Although her ambitious nature can lead her to overworking, Butler is determined to create lip wear for every kind of mood and woman with her company, Lipscape.

The Franklin, Louisiana native’s ambition was clear when she was a student at Syracuse University “for a very long time,” earning an undergraduate degree in psychology and African American studies and a master’s in pan-African studies. She is still working on a doctorate in geography – she moved to New Orleans initially to do field research for her dissertation but got a bit sidetracked.  

“I fell in love with the city,” she says. “Something about New Orleans encourages people to be creative, I find. A lot of people who move here kind of catch that bug.”

She started working as a makeup artist to earn extra money and realized keeping lipstick in her kit was eating up her budget. Her clients, most of who hired her for formal events, wanted to take the lipstick to reapply throughout the night. So she decided to make her own. Her best friend and parents got on board to help, even if sometimes they didn’t know what they were getting into.

“I ordered (all the ingredients) and took over my parents’ kitchen for a few months,” she said. “My mom was not super happy.”

After lots of trial, error, tears and late-night crises, she came up with a formula she liked (which she still continues to tweak, two years later) after researching other natural beauty brands and their ingredients. She wanted to find natural ingredients that are very moisturizing.

“Being in Syracuse, my lips were chronically dry. Winters were not forgiving on my lips,” she says. “I’m a doctoral student; research is my thing, clearly. I researched all the ingredients one by one.”

Drawing from her experience as a consciously-minded geographer and her “loud” personality, her first collection included bold, highly pigmented colors –think teal, purple and gold – with titles like “Unrest” and “Sea Level,” named after the effects of climate change. And because she’s ambitious, those colors would change slightly when they hit the light.

“I was doing the most right out the gate,” she says.

She said at first her wild colors struggled to find a market (“I’m loud, but the average woman doesn’t want green lips,” she says) but she met a group of drag performers in Lafayette that loved her colors, but they wanted them in glosses. That inspired her to learn how to make lip glosses and expand her line to include those, too.

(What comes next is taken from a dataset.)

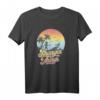 HapDeer Stranger Things Demogorgon Sunset T-Shirt – Offizielles Fanartikel für Fans von Eleven, Hopper, Vecna und Demogorgon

Currently the line includes traditional lipsticks, glosses and a liquid-to-matte lipstick. Those liquid lipsticks are very on-trend right now, but many of them are drying. Packed with ingredients like carrot root extract, Butler’s lipsticks aim to not sacrifice moisture for staying power. She is also reviving her lip conditioner for her next collection, set to debut this month.

Her colors range from the wild, from a Caribbean blue to a true black, to the more every-day; during our interview she sports a bold plum tone that stands out but isn’t too crazy for a coffee meeting. Colors are meant to suit a wide variety of skin tones, too.

“I like to have something for every woman. I want to cover a range of skin tones and want something for every sort of event, or for that woman who might be conservative but maybe she’s feeling jazzy tonight,” she says. “I just want her to have options. Also I get bored making the same thing, because it’s just me by myself.”

Butler hopes to expand her line beyond lips to include other products, so perhaps by this time next year the name of her brand may no longer be Lipscape.

“Eventually I would like for someone to be able to do their entire face with my products,” she says.

Though she’s busy, she’s passionate about what she does, even when big companies like Sephora make it easier for women to get makeup that’s lower in cost and more convenient.

When stacked up against the big brands, she says her biggest selling point is that her products are hand-crafted with love, using natural ingredients sourced in the U.S. that you can actually pronounce. “That’s really important because the things we put on our mouths, we consume throughout the day,” she says. “You kinda want to know what you’re putting in your mouth.”